Foreign bank accounts, international brokerage, and offshore assets can count as DSCR reserves — if documented correctly. Learn what works and what triggers AML review.

Reviewed by Gillian Irving, CFA Updated 6 min read

One of the most common friction points for foreign national DSCR borrowers is not the down payment — it is the reserves. DSCR lenders require 12 months of PITIA in liquid assets held post-closing. For a foreign national investor whose financial life is based outside the US, those reserves may sit in a Mexican brokerage, a UK savings account, or an Singapore bank. Whether those foreign assets count as DSCR reserves depends entirely on the lender and the documentation you provide. This article explains which lenders accept offshore assets, how to document them, and what the compliance process looks like.

For context on the full foreign national DSCR loan program, see Foreign National DSCR Loan and What Is a DSCR Loan.

Which Lenders Count Foreign-Bank Assets at Full Value

Not every DSCR lender accepts reserves held in foreign financial institutions. Lenders that do not have foreign national programs will typically decline to count foreign assets at all — they are set up to verify US bank accounts only.

Lenders that explicitly accept foreign-bank reserves (as of mid-2026) include those with active foreign national programs. Change Wholesale’s foreign national matrix, for example, explicitly permits foreign-bank asset verification as part of its reserve documentation package. Several other wholesale lenders with established FN programs follow similar policies.

How they count the assets:

Foreign-bank reserves are credited at full value — there is no haircut applied simply because the account is offshore, as long as the documentation meets the lender’s standard. The haircut risk comes from documentation quality, not from the location of the account.

What lenders want to see:

  • The account is in the borrower’s name (or the LLC’s name if an entity is borrowing)
  • The balance has been present for at least 60 days (seasoning requirement)
  • The institution is a recognized financial entity — major national banks in the borrower’s home country are acceptable; informal savings clubs or unlicensed institutions are not
  • The total balance, after the down payment is wired out, still meets the reserve requirement

The Translation and Conversion Requirement

Foreign bank statements must be presented in a format the lender’s underwriting team can verify. Two requirements apply universally:

English-language statements:

If the bank issues statements only in the local language, a certified translation is required. “Certified translation” means a translation prepared by a licensed translator who attests in writing to its accuracy. Machine translations (Google Translate, DeepL) are not acceptable — not because they are inaccurate, but because the lender cannot rely on an unattested translation. Translation services for bank statements typically cost $50–$150 per statement month; build this into your documentation timeline.

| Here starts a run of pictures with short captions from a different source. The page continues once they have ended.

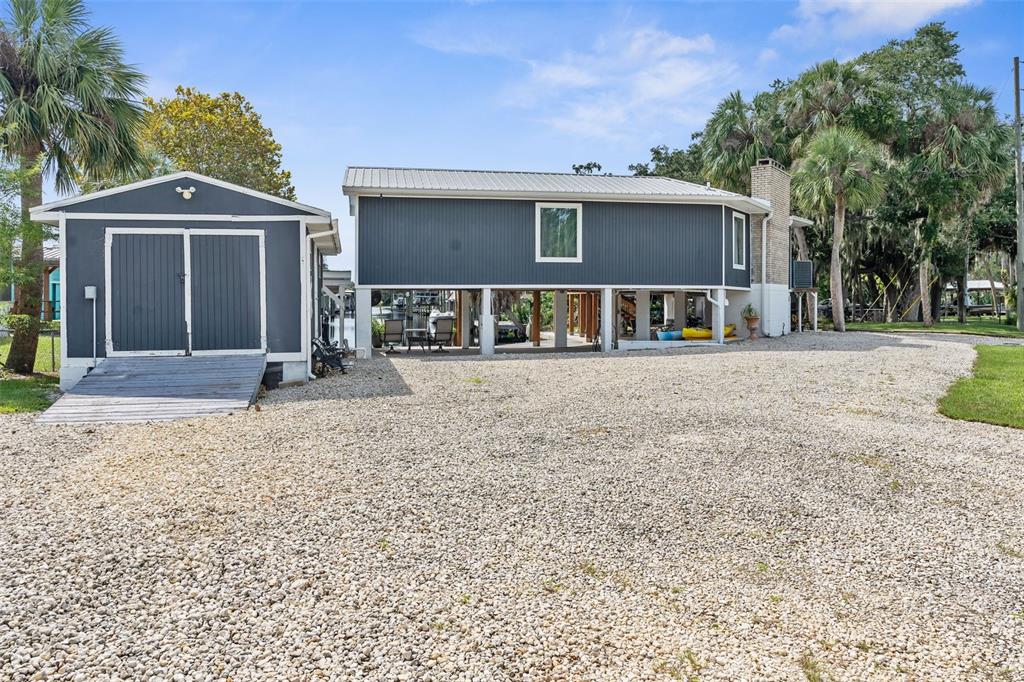 A covered concrete patio features exposed wood ceiling panels, support columns, and a waterfront view — 5648 S GARCIA ROAD, HOMOSASSA, FL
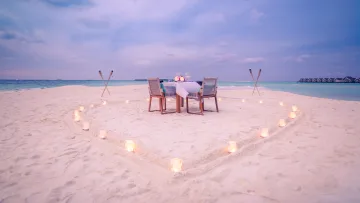 activity, sunset - Un tavolo da cena privato e romantico allestito su una spiaggia di sabbia bianca, circondato da un cuore di candele al crepuscolo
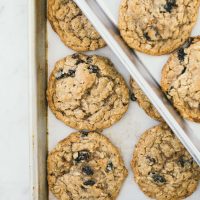 oatmeal raisin cookies on baking sheet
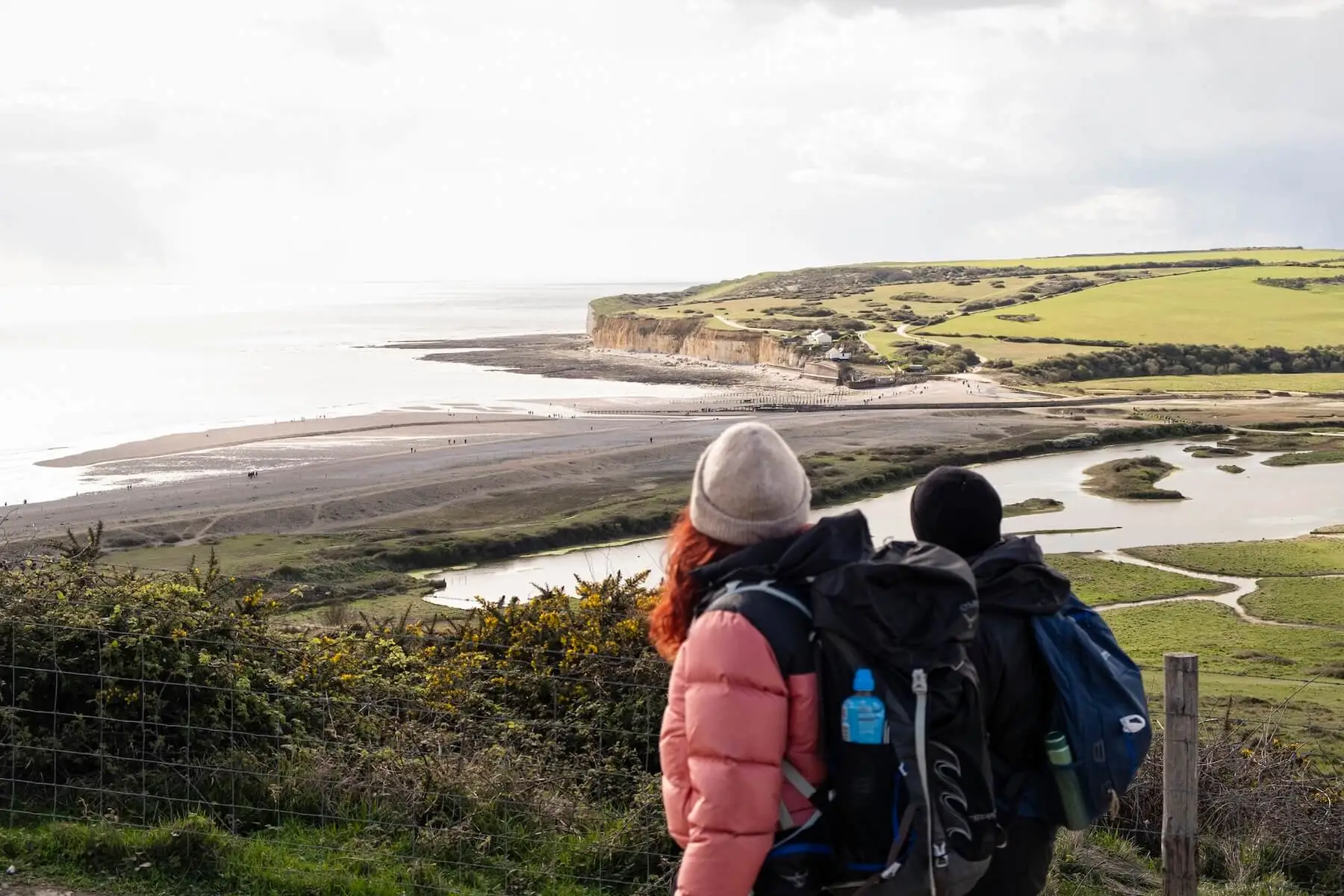 Two ramblers overlook the South Downs with cliffs, fields, and a winding river below.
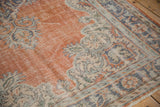 Distressed vintage Oushak rug detail, showing wear, burnt orange, and dusty blue serrated leaves.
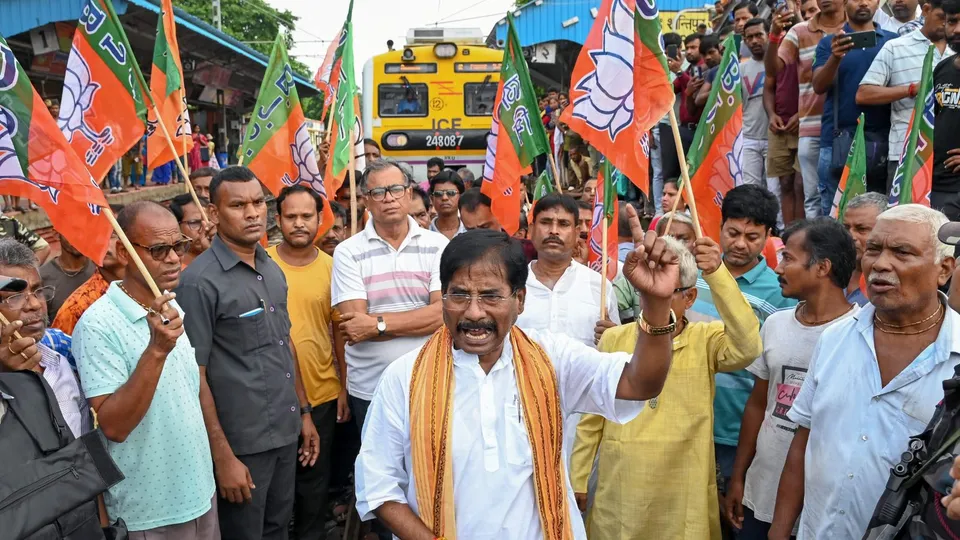 BJP MP Jagannath Sarkar along with party workers block railway tracks at Shantipur station during the party's 12-hour general strike in Bengal to protest the police action against participants of Tuesday's Nabanna Abhijan rally which was held against the Kolkata RG Kar incident, in Nadia, Wednesday, Aug. 28, 2024.
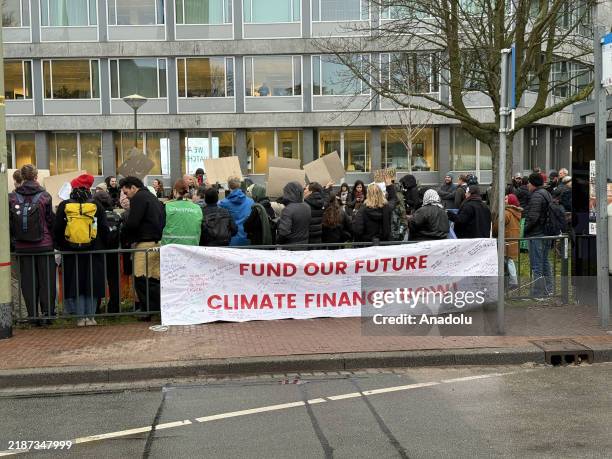 Group of climate activists gather in front of the ICJ building, calling for urgent action against the impacts of climate change as the advisory...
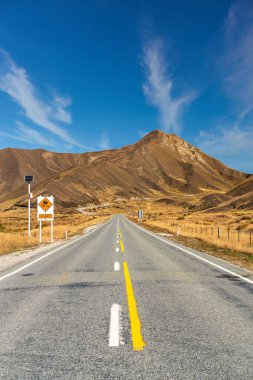 Uzun düz asfalt karayolu Yeni Zelanda geçişte Lindis içine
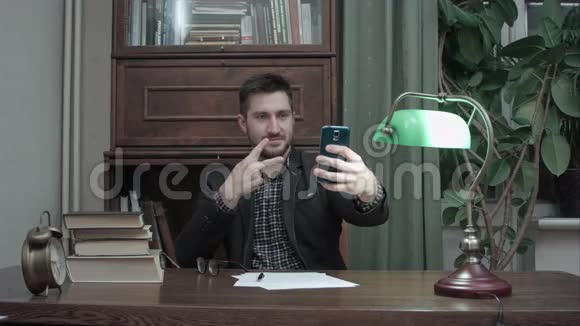 年轻人坐在办公桌前用手机自拍视频的预览图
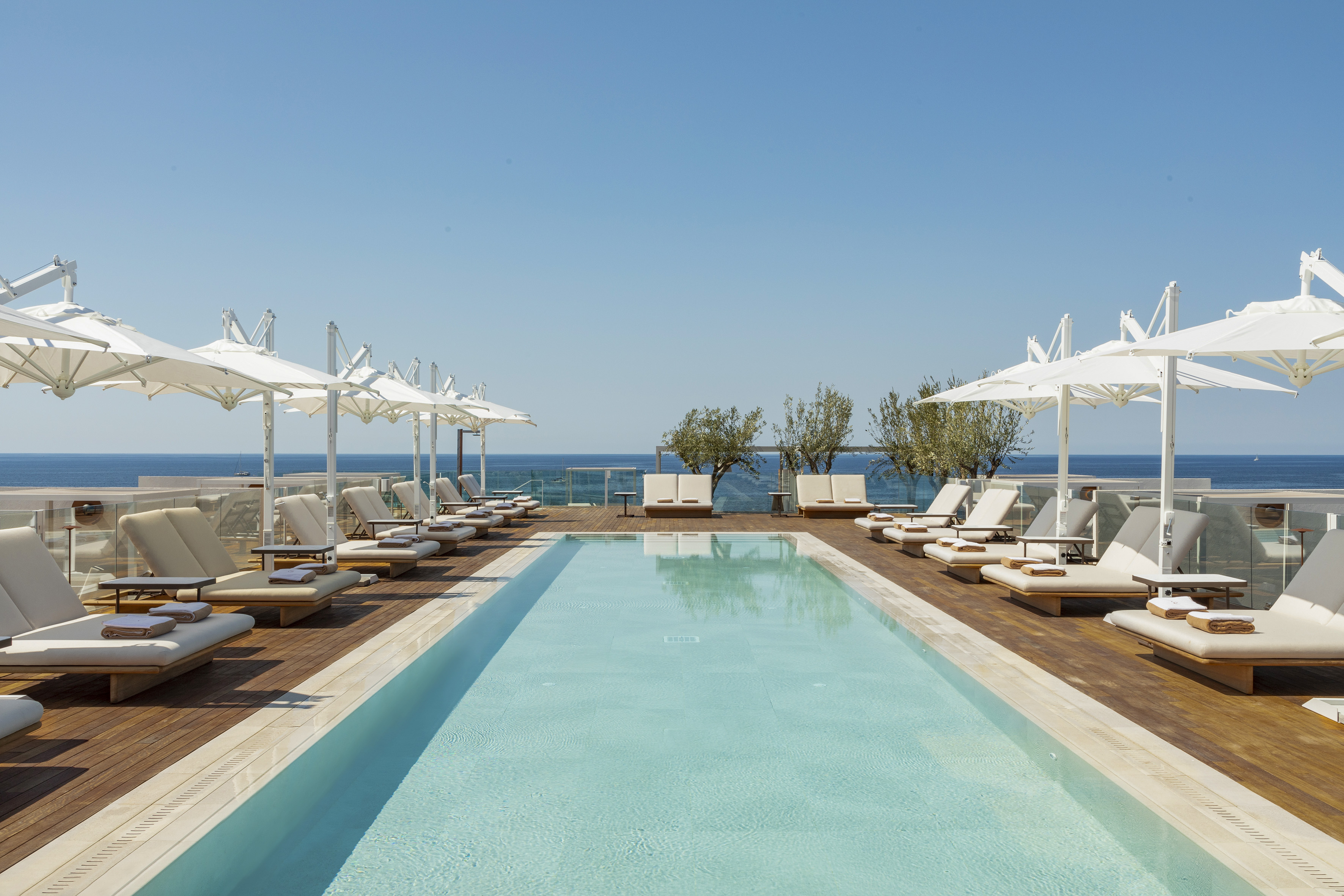 Luxury resort rooftop pool, ocean view, sun loungers, and white umbrellas.
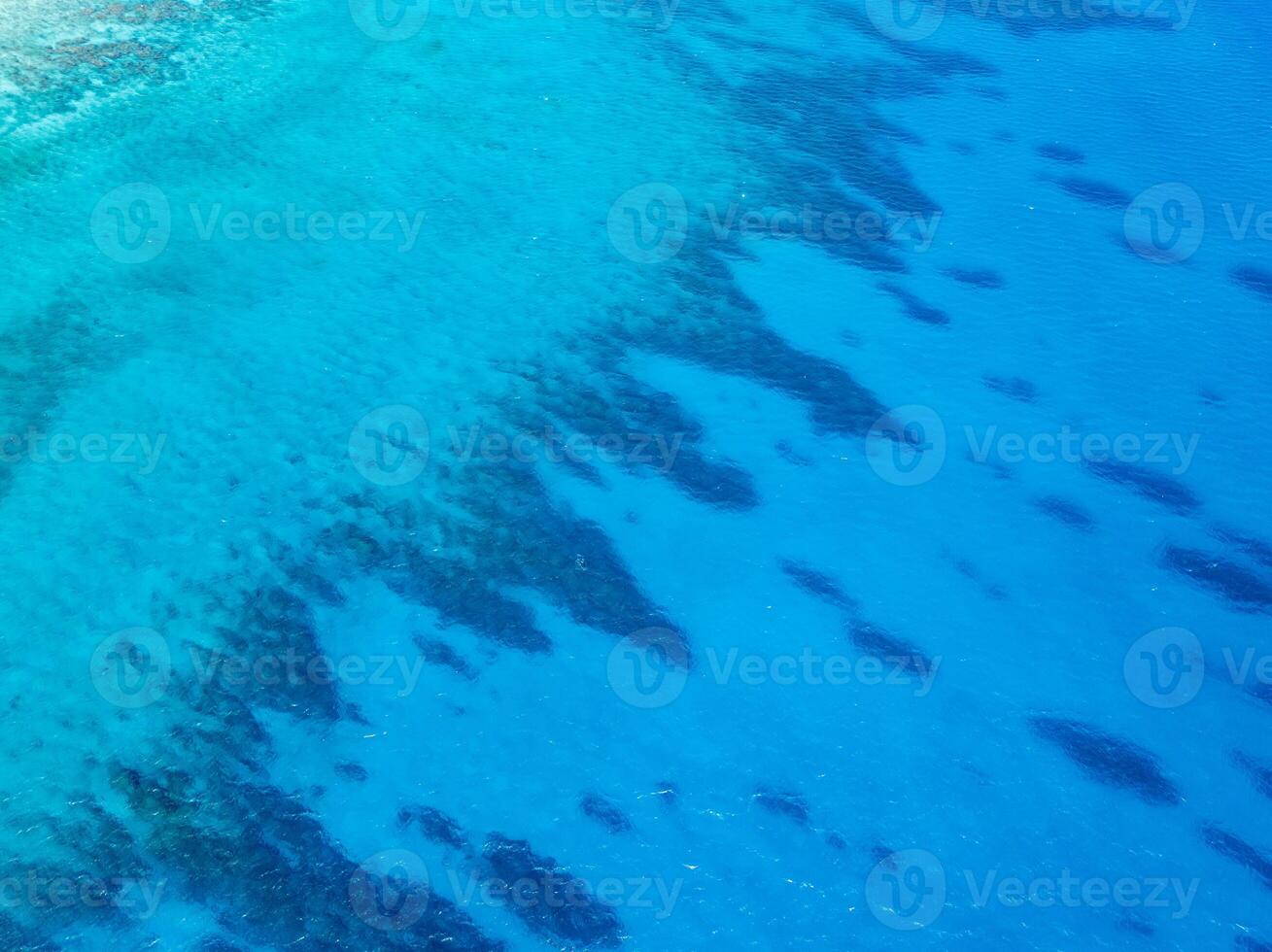 A large body of water with a large coral reef photo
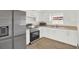 Bright kitchen with stainless steel appliances, white cabinets, and wood-look flooring at 5400 9Th N Ave, St Petersburg, FL 33710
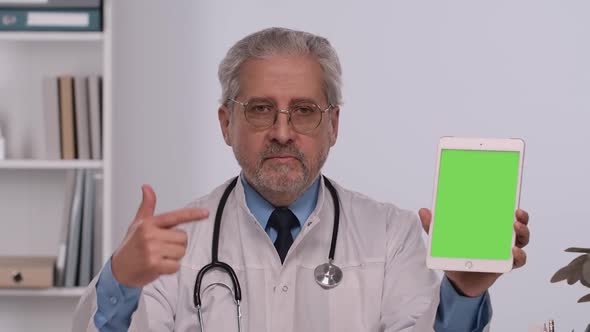 Aged Male Doctor Holds Tablet with Green Screen Chroma Key Points at It with Finger and Makes Thumb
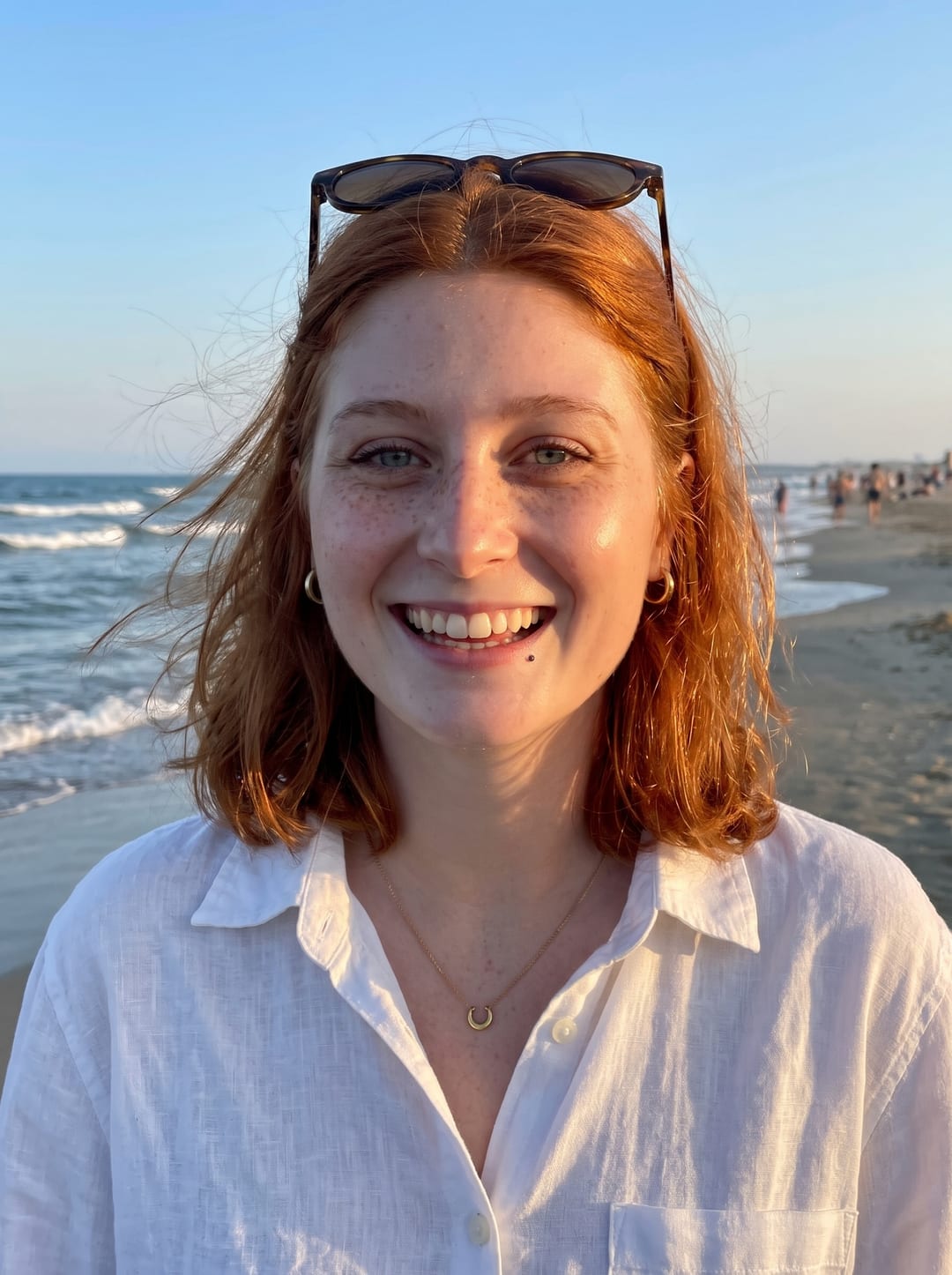 AI photo of the woman on a beach at golden hour with sunglasses on her head, wind in her hair, in a white linen shirt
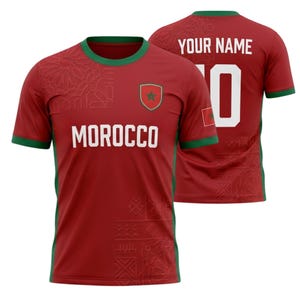 Op de afbeelding: Rood voetbalshirt met groene randen en het woord "MOROCCO" in witte blokletters. Het shirt heeft het embleem van het Marokkaanse nationale team en een kleine vlag op de mouw. De achterkant van het shirt heeft de tekst "YOUR NAME" en het nummer "10".
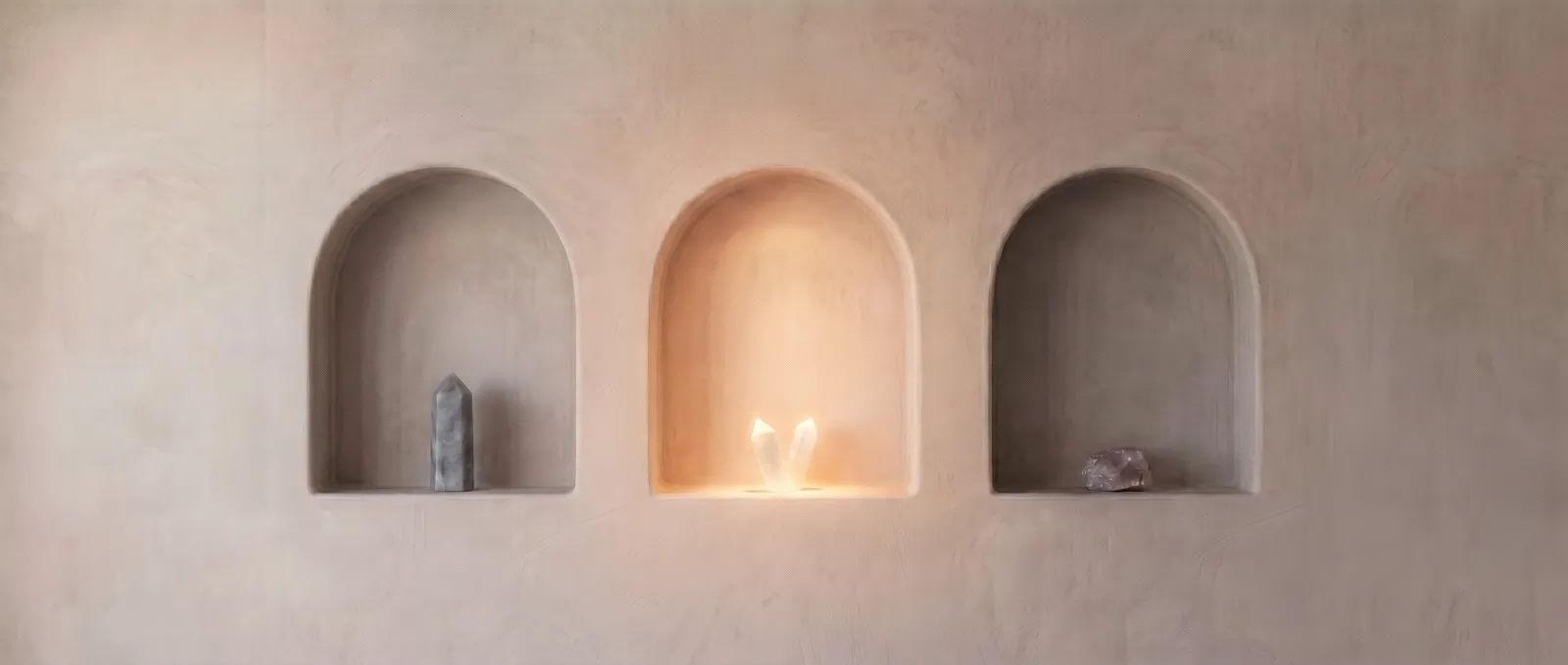 The three plaster niches with the second arch lit, marking the treatment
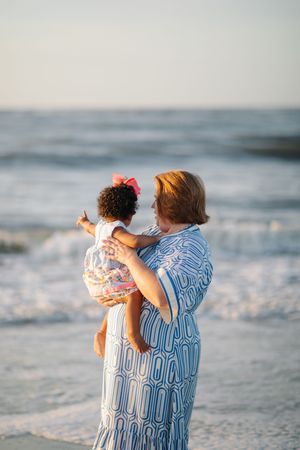 Two people in matching striped outfits embrace while standing on a beach at sunset with ocean waves in the background.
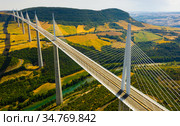 Cable-stayed Millau Viaduct spanning Tarn River valley, France. Стоковое фото, фотограф Яков Филимонов / Фотобанк Лори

Some major international banks (BBVA, HSBC, Santander, Standard Chartered) offer English-language statement options in their online banking portals. If your bank does this, use it — it eliminates the translation requirement entirely.

USD conversion:

The statement must show a USD equivalent balance. Options:

  1. The bank itself shows a USD balance on the account summary (some international accounts do this)
  2. You convert using the spot rate on the statement date and document the source (XE.com historical rate, Bloomberg, or the bank’s published FX rate)
  3. The certified translator includes the USD conversion in their certified translation

Note the conversion date explicitly. A statement dated March 31 should show the March 31 spot rate, not the rate at the time of your loan application. Lenders may require the document to be less than 90 days old at the time of submission.

The Wire and Source-of-Funds Compliance Path

When foreign reserves are being used for closing — either as the down payment, reserves verification, or both — the movement of those funds into the US triggers Bank Secrecy Act compliance review. This is not optional and applies to all US mortgage lenders.

What the lender’s AML process expects:

  1. Funds must be wired from an account in the borrower’s name to the title company or escrow agent
  2. The wire must originate from a bank in a non-sanctioned country
  3. Third-party wires (funds from a relative, business partner, or employer) require a gift letter or explanation and are often declined
  4. Large single deposits that appeared in the account within 30 days of the application are considered “unseasoned” and may trigger a source-of-funds investigation

The source-of-funds letter:

For reserves or down payment funds held in a foreign account — particularly amounts over $50,000 — most lenders require a letter from a CPA or attorney in the US confirming the legal origin of the funds. The letter is typically one page and covers:

  • The borrower’s identity and the account in question
  • The CPA’s or attorney’s understanding of how the funds were accumulated (salary, business income, sale of property, inheritance, etc.)
  • An attestation that to the professional’s knowledge, the funds are legally acquired

This is not an audit. The professional is signing based on documents the borrower provides and their own professional judgment. Most CPAs and attorneys familiar with foreign national clients include this service in their standard engagement.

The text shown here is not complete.